Anyway, I can't remember who said that democractic governments can never win these types of wars (insurgent driven, guerrilla, etc) because the support of the electorate waiver so much that the type of full scale offensive needed to win could never be undertaken. Well it sounds like a hawk said it but I keep thinking about it and it rings true to me. But instead of the defeatist conclusion that democracies are inherently weakened and doomed to defeat on the battlefield, I say this situation results in an inability to arrive at other creative alternatives to war (which is also defeatist I now realize, oh well).

Bush said something amazingly telling about our incredibly messed up experiment during a press conference last week. He said that before our foreign policy was to maintain the peace by keeping disagreements and such under the rug and keep parties appeased and whatnot.
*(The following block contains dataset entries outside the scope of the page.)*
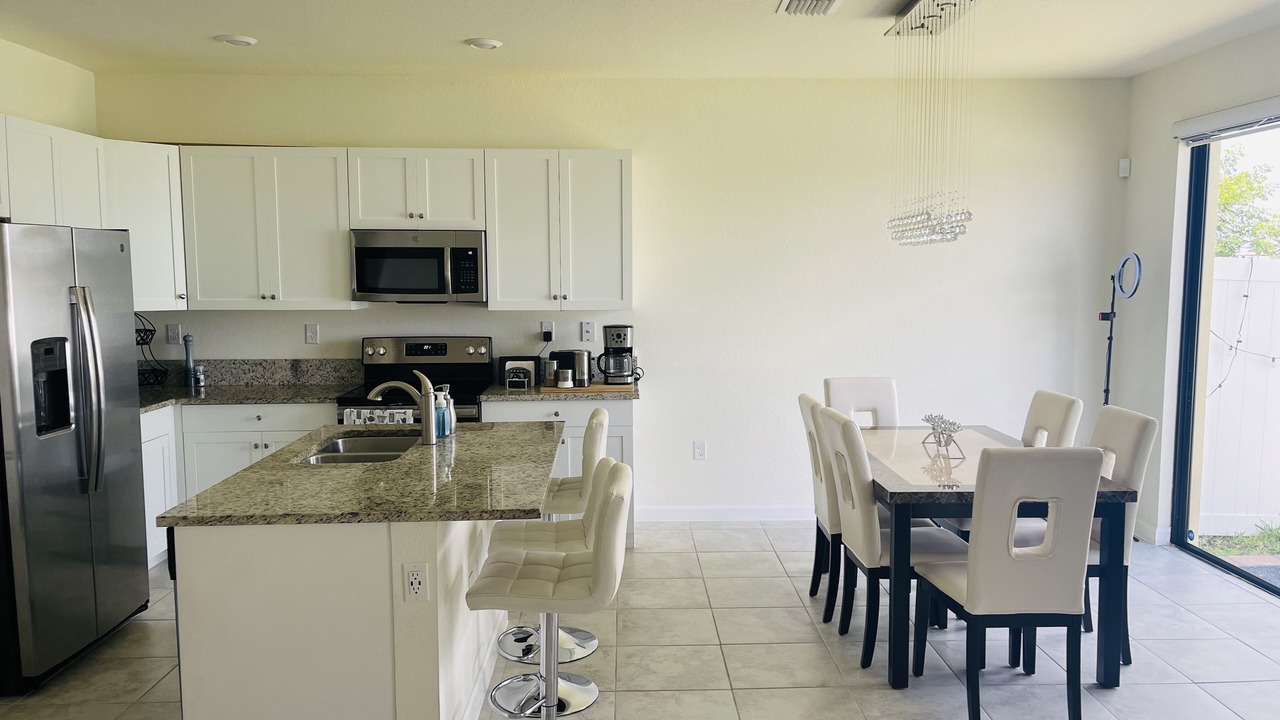 Photo of Kitchen in Miami Lakes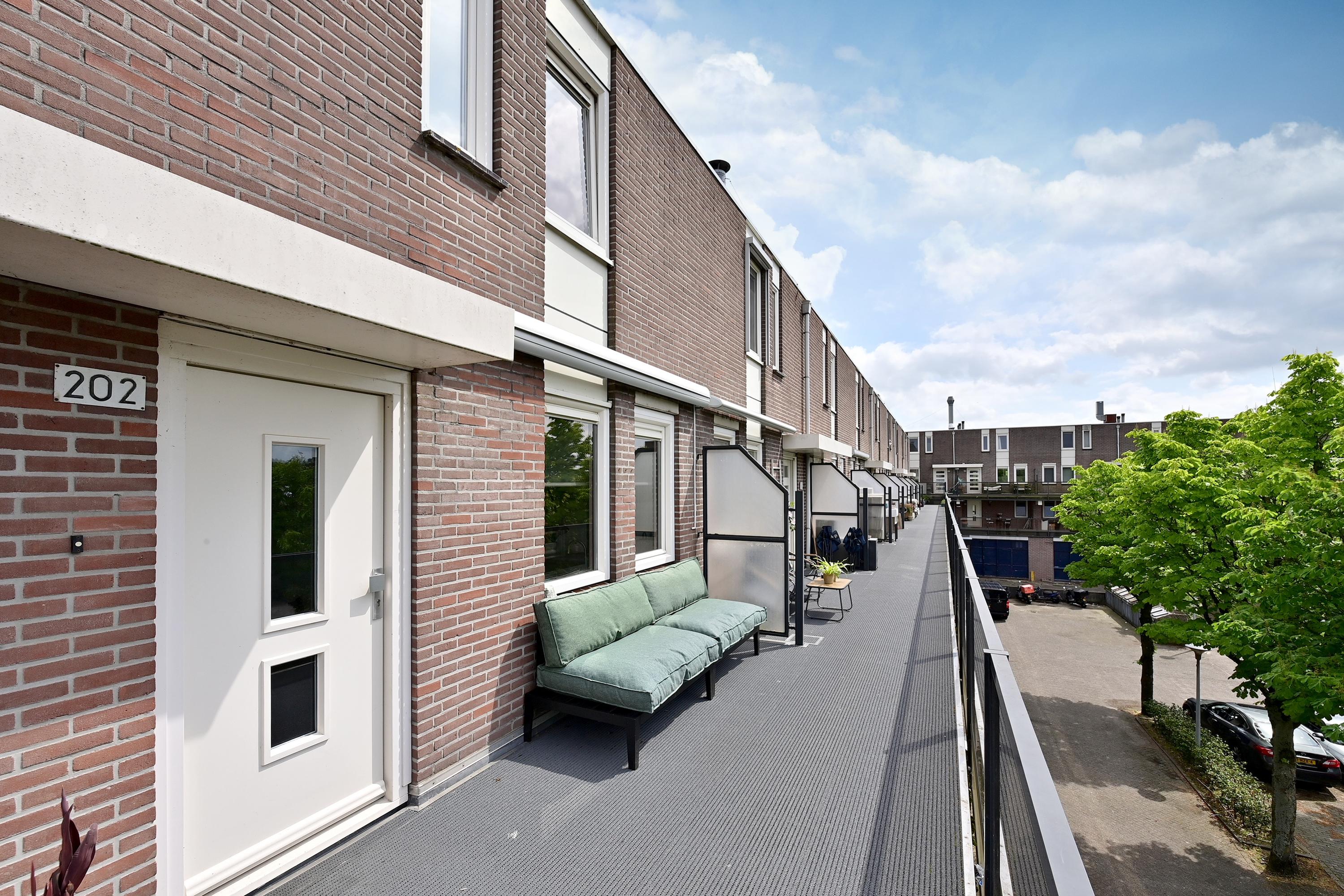 Appartement te koop: Zomerkade 202, Huizen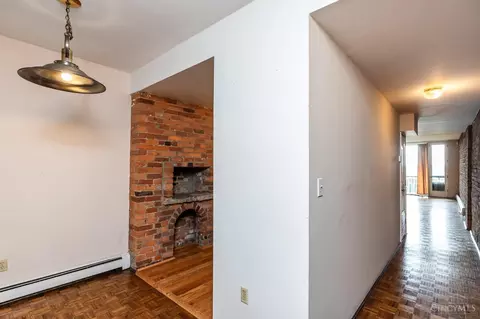 Entry Way - 1271 Ida St, Cincinnati, OH 45202 photo 4 of 6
So his bright idea is to get it all out in the open, ferment hostilities with the assumption that that will result in some sort of settlement. But the venting is all one sided, he is only interested in his position, only our concerns need righting. Essentially , it is a might- makes- right proposition

7/31/2006 11:13:00 PM  
Blogger fisher6000 said...

Great post, Edward. Mazen Kerbaj slices it correctly:


This is a beautiful, critical distinction. Politics is the set of forces criss-crossing the middle east: The Lebanon bone is connected to the Hezbollah bone, which is connected to both the "terrorist" bone, the Israel bone, and the community bone... complex. Intractable. Very important to understand this set of tactics and relationships, causes and effects, but it's not art.

Art is about a different set of relationships: how does the individual accomodate the effects of war (politics)? What does one do with all this horror? This fear? How does one see the totality of this madness--begin to describe it? What does a bombed building look like? What does shelling feel like? How can one remain a sensing human within all this madness?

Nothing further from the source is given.